Publication le 3 mai de l’inflation estimée en avril
Les récentes tensions commerciales, et des chiffres d’activité plus faibles que prévu dans la zone euro, pourraient cependant la pousser à retarder la sortie de son QE, comme le montre un sondage publié vendredi par Bloomberg. «Les membres de la BCE ont fait bonne figure, malgré les données d’activité récentes plus faibles, et le processus d’ajustement monétaire progressif de la BCE revêt désormais un risque concernant ses marges de manœuvre. Si le ralentissement de l’activité devrait être temporaire, il est peu probable que les perspectives d’inflation s’améliorent d’ici le mois de juin, et la BCE pourrait être obligée d’envisager une nouvelle extension du QE», explique SG CIB. Les discussions sur un ajustement de sa forward guidance désormais orientée vers les taux seront ainsi probablement encore jugées trop précoces.

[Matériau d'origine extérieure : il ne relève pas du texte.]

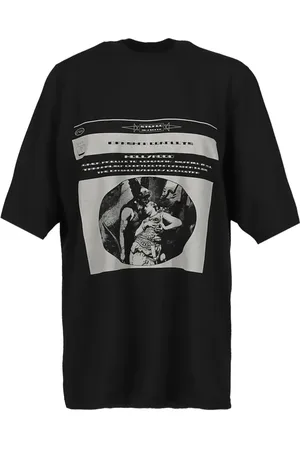 Rick Owens T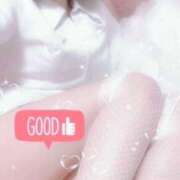 ヒメ日記 2026/02/15 13:07 投稿 小泉 池田マッサージ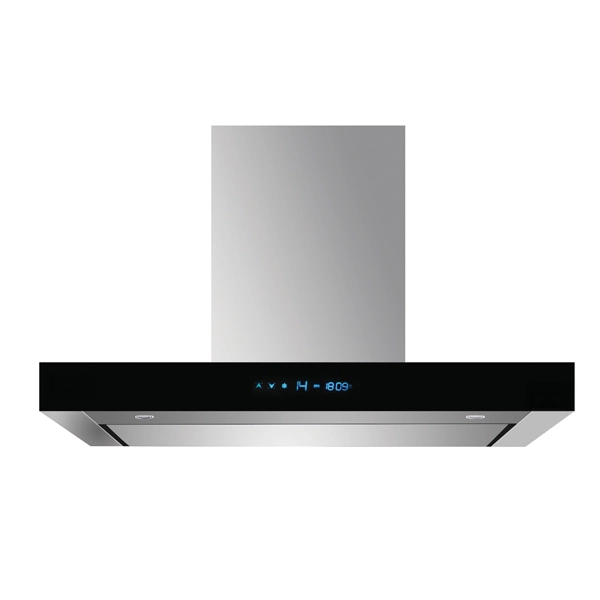 Unlocking the Benefits of High Power Cooker Hoods: A Guide for Home Chefs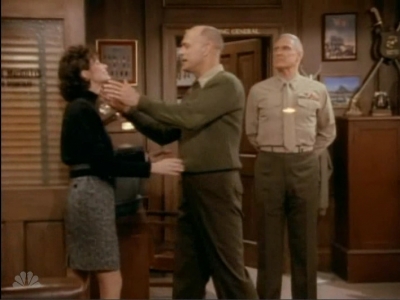 MAJOR_DAD_-_E4X18_THE_SMELL_OF_GREASE_PAINT_196.jpg
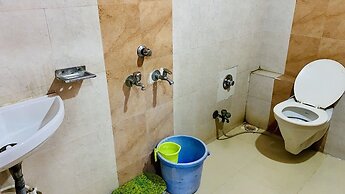 Hotel Amaltas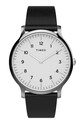 Часы Timex TW2T66300 серебрянный TW2T66300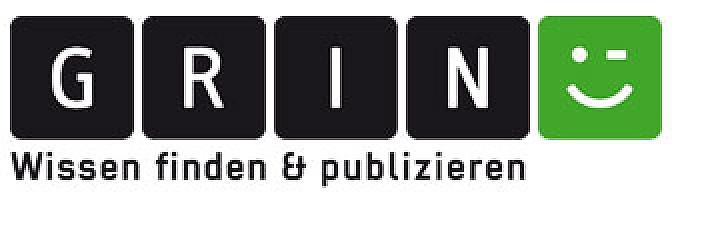 GRIN Verlag GRIN Verlag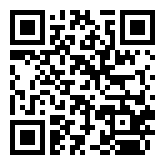 http://yunzhikong.cn/new/58029.html
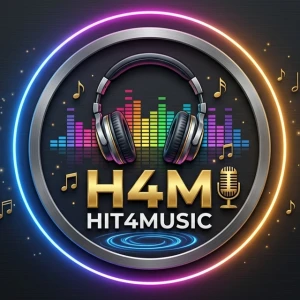 Hit4Music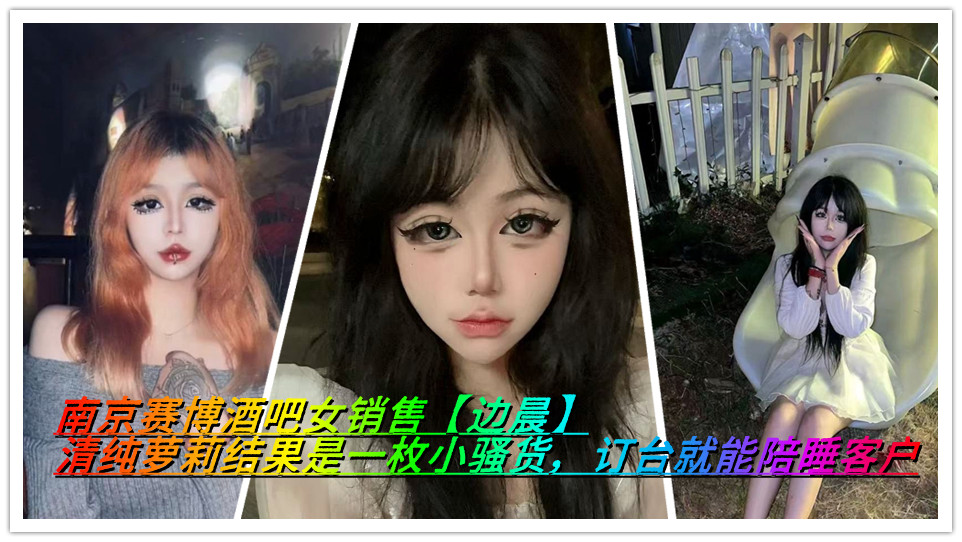 国产有码无码学生制服。-迅雷资源全集在线观看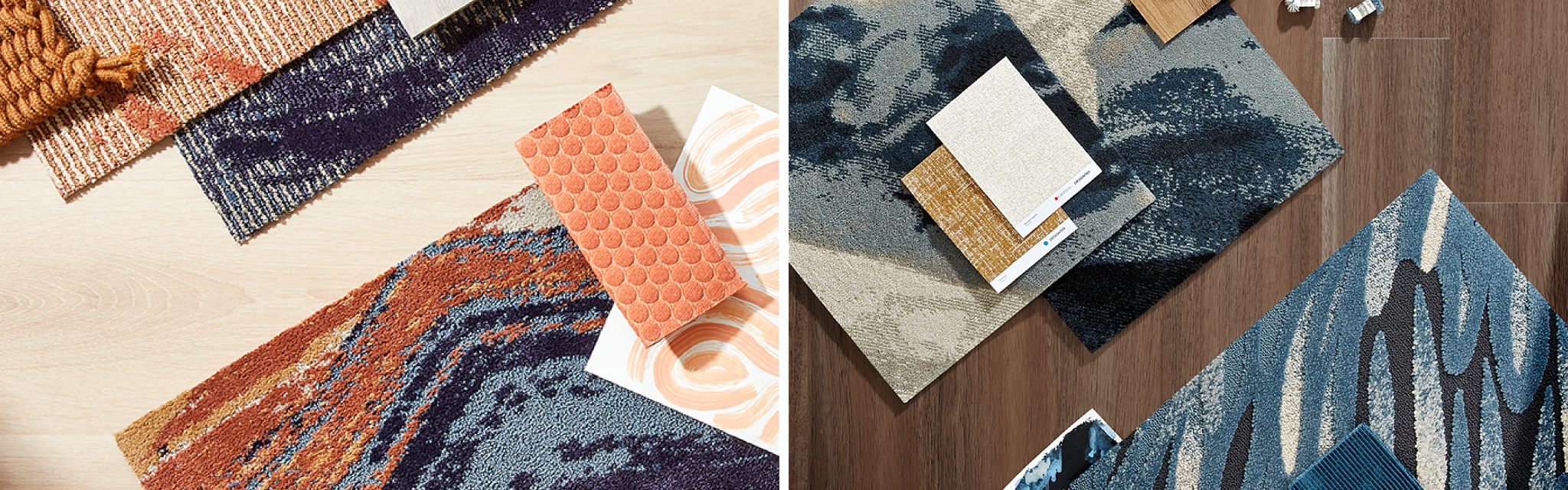 ROAM Series | ShawContract ROAM Series | ShawContract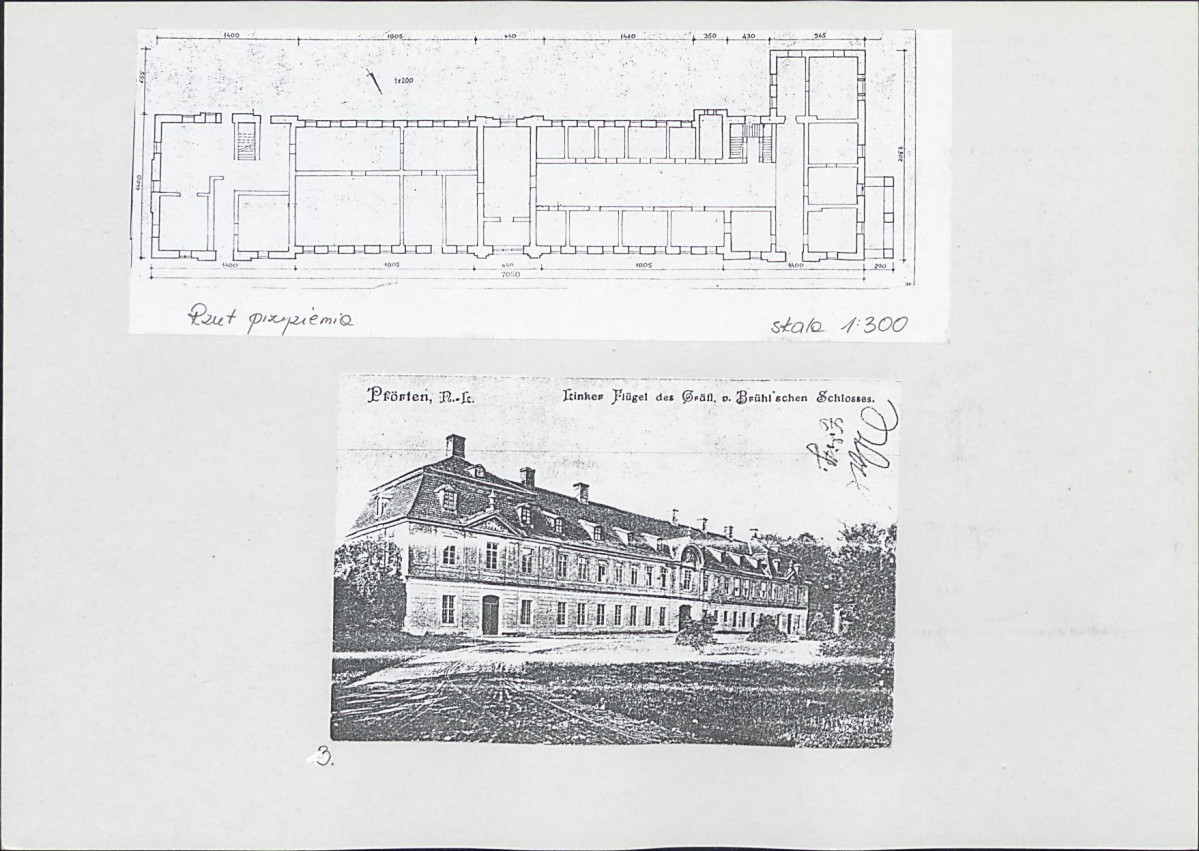 Karta biała, skan nr 6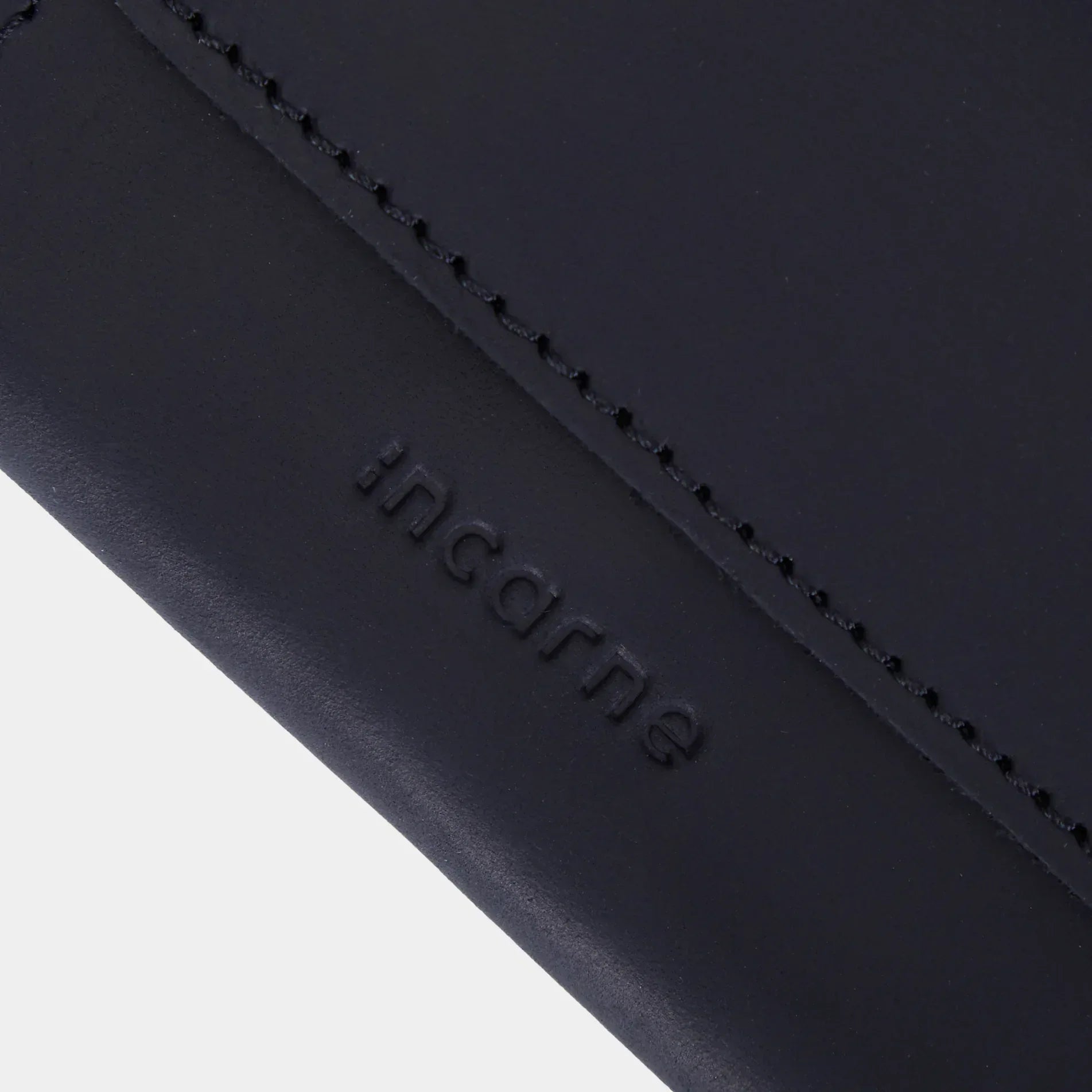 Lean Wallet - INCARNE® Ukraine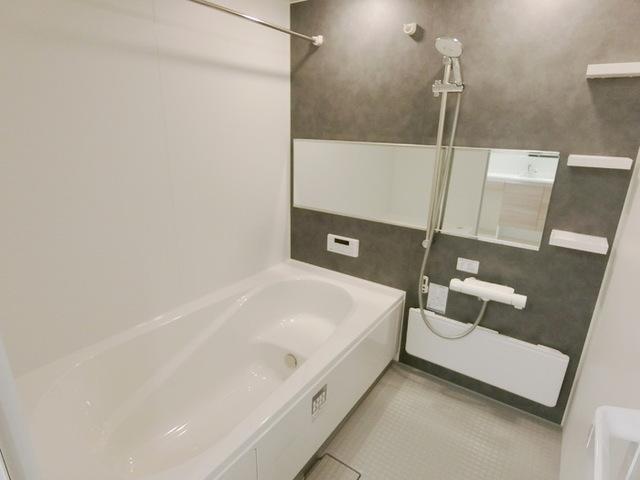 Ｄ−ＲＯＯＭ六十人町　Ｂ（303） 部屋画像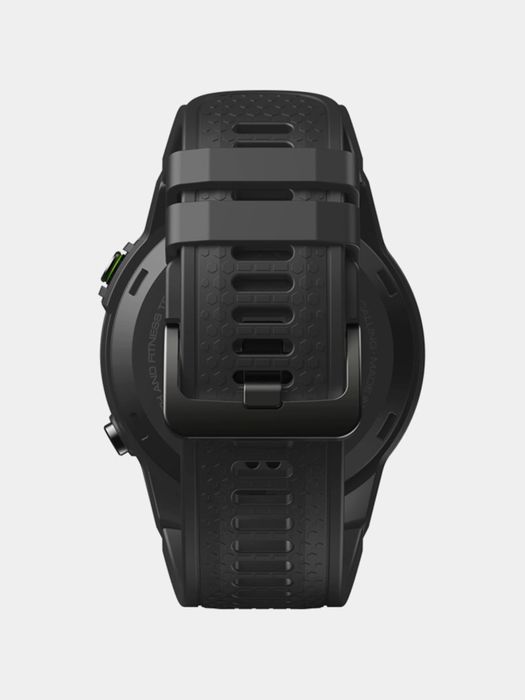 Смарт часы Zeblaze Stratos 2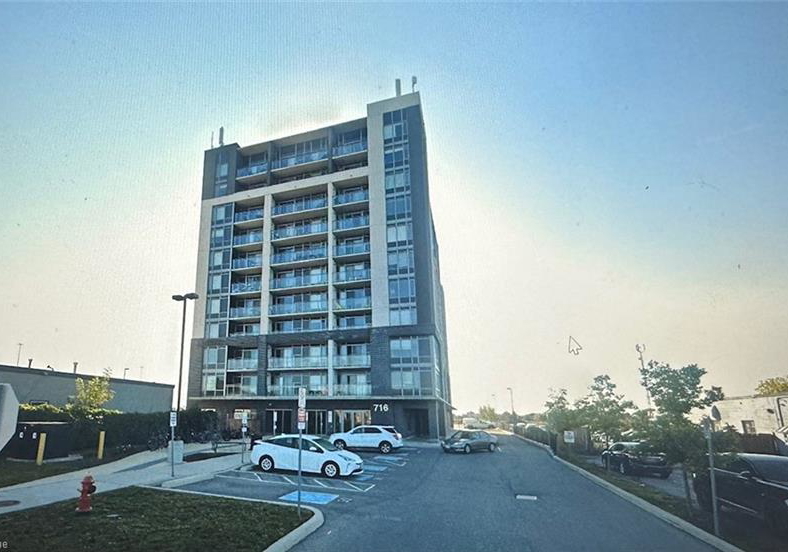 716-main-street-e-milton-ontario-40756580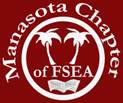 ManaSota Chapter of Florida Society of Enrolled Agents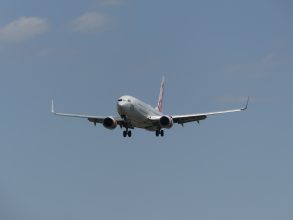 P1180759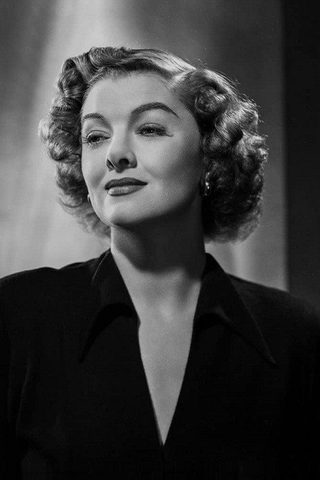Myrna Loy, photo 3 of 3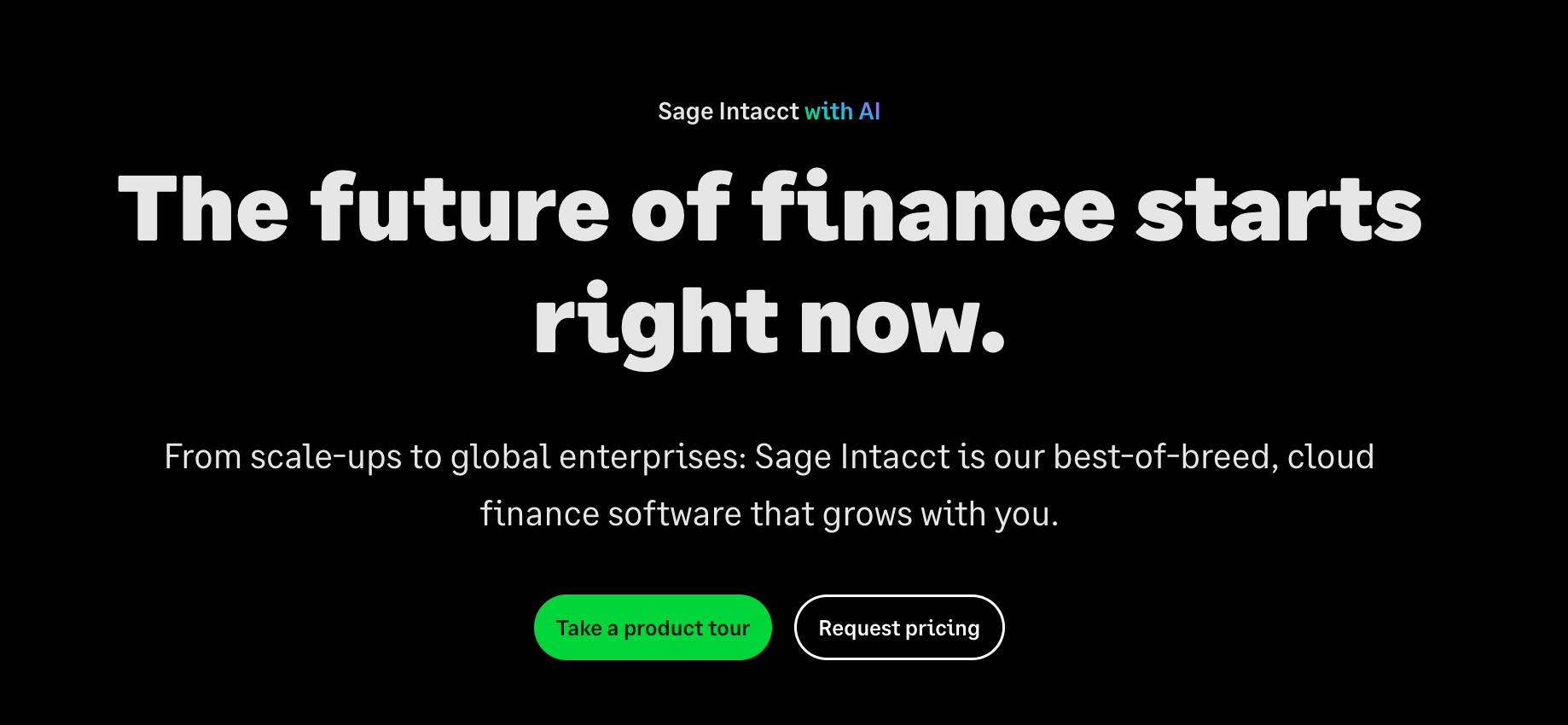 Psychographics in marketing Sage AI content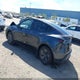 7SAYGDED5TF387848 2026 Tesla Model Y Premium Rear-Wheel Drive/Standard Rear-Wheel Drive auction photo thumbnail 3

Depuis mars, les marchés ont d’ailleurs repoussé de 4 mois leurs prévisions de la première hausse des taux de la BCE à juillet 2019. «Mario Draghi pourrait implicitement se rallier aux prévisions de marché d’une première hausse de taux retardée en ayant recours au processus itératif et interactif, qui a été décrit par Peter Praet» consistant à ne pas conserver une démarche destinée à déterminer un rythme de politique monétaire, mais à s’ajuster en fonction des marchés, estime Frédérik Ducrozet, économiste chez Pictet. Les marchés auront une indication sur l’évolution de l’activité avec les chiffres de PMI qui sont publiés aujourd’hui, mais surtout avec les premières estimations d’inflation en avril qui seront publiées le 3 mai, après la hausse de l’indice sous-jacent à un niveau de 1,3% au mois de mars.